Ryberg. I was strongly against people chanting "Goldberg" when Ryback debuted several years ago, but now it's his and wwes fault. WWE sanctioned his gear change, cant believe they didn't realize what will happen.

BeckPlex City. The one outside the ring was tough. 

Charlottes perfomance in a match against some jobber. (I know who Foxy is, but jobber is a word here) 

Miz Reel. Cool. AJ is the most entertaining part of WWE and he's not even receivin a good booking. I'll be really mad if he loses tho. 



I also think that only Daniel Bryan fans could sit through the ending without fast forwarding. I'm not a fan of his (neither a hater) and I wasn't into the segment. ANyway, hope it's not a swerve.


----------



## T0M (Jan 11, 2015)

SlowmanBrains said:


> I'll give you 50 bucks if you can tell me which one is who.


Okay, send me your paypal details


----------



## The Traditionalist (Oct 28, 2015)

SlowmanBrains said:


> I'll give you 50 bucks if you can tell me which one is who.



The Tuque and the bib make it look obvious that WWE is trying to avoid the comparisons, and then they alter his ring attire from the singlet to black trunks? fpalm FAIL.


----------



## SlowmanBrains (Jan 27, 2016)

The Traditionalist said:


> The Tuque and the bib make it look obvious that WWE is trying to avoid the comparisons, and then they alter his ring attire from the singlet to black trunks? fpalm FAIL.


Didn't Ryback a while ago blame some blogger for starting the Goldberg chants? Like WWE fans are too stupid to realize WWE is trying to come up with Goldberg 2.0? I'm sure this isn't what Ryback wants to do but the reality is that he's a cheap version of Goldberg. A lame ripoff.


----------



## bonkertons (Aug 23, 2014)

"I love you, kid"

Easily the most I've ever liked Michael Cole.


----------



## The Traditionalist (Oct 28, 2015)

SlowmanBrains said:


> Didn't Ryback a while ago blame some blogger for starting the Goldberg chants?


A quick web search offers enough articles attributing such a statement to Ryback. I'm not sure whether complaining was just a way to get attention or not? Complaining wears thin quickly though. 



SlowmanBrains said:


> Like WWE fans are too stupid to realize WWE is trying to come up with Goldberg 2.0?


While it's important for wrestlers - and promotions - to coax reactions from the crowd, I don't think it serves a worthwhile purpose to treat fans as though they lack the requisite intelligence. I don't know anyone who enjoys being patronised. 



SlowmanBrains said:


> I'm sure this isn't what Ryback wants to do but the reality is that he's a cheap version of Goldberg. A lame ripoff.

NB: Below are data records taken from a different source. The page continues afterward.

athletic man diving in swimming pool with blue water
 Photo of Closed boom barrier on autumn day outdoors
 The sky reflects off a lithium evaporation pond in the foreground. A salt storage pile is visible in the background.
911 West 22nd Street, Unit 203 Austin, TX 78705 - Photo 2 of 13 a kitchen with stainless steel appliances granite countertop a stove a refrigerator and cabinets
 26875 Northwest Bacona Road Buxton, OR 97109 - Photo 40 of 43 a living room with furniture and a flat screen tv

I work under the assumption that neither WWE, not Ryback, are interested in a tribute persona. However, I'm not exactly sure what could be done with his character atm. It's possible that creative is worried that Ryback will garner no reaction from the crowd at all? Until creative can figure out what to do, maybe it's best for Ryback to remain in the consciousness of fans - even if they are annoyed - rather than have him fade completely into the background? The Big Guy is athletic with an excellent physique. Goldberg was a destroyer and WWE is already deploying the best example of that prototypical role in Brock Lesnar. There's no reason why Ryback can't be a credible threat/obstacle in the mid-card. It's difficult to build some of the wrestlers back up again when they've been torn down, in front of the cameras, so many times before. It's obvious Ryback needs to be re-invented.


----------



## The5star_Kid (Mar 4, 2013)

I hope this is a complete, competitive retirement and we don't see bryan plying his trade a year down the line in ROH or PWG or any of that.


----------



## yeahright2 (Feb 11, 2011)

Whatever Bryan does, he should stay away from a WWE on-screen character. He wants to wrestle, and with that option ruled out, he (and we) would constantly be reminded of what he´s lost.


----------



## NJ88 (Jan 27, 2009)

The5star_Kid said:


> I hope this is a complete, competitive retirement and we don't see bryan plying his trade a year down the line in ROH or PWG or any of that.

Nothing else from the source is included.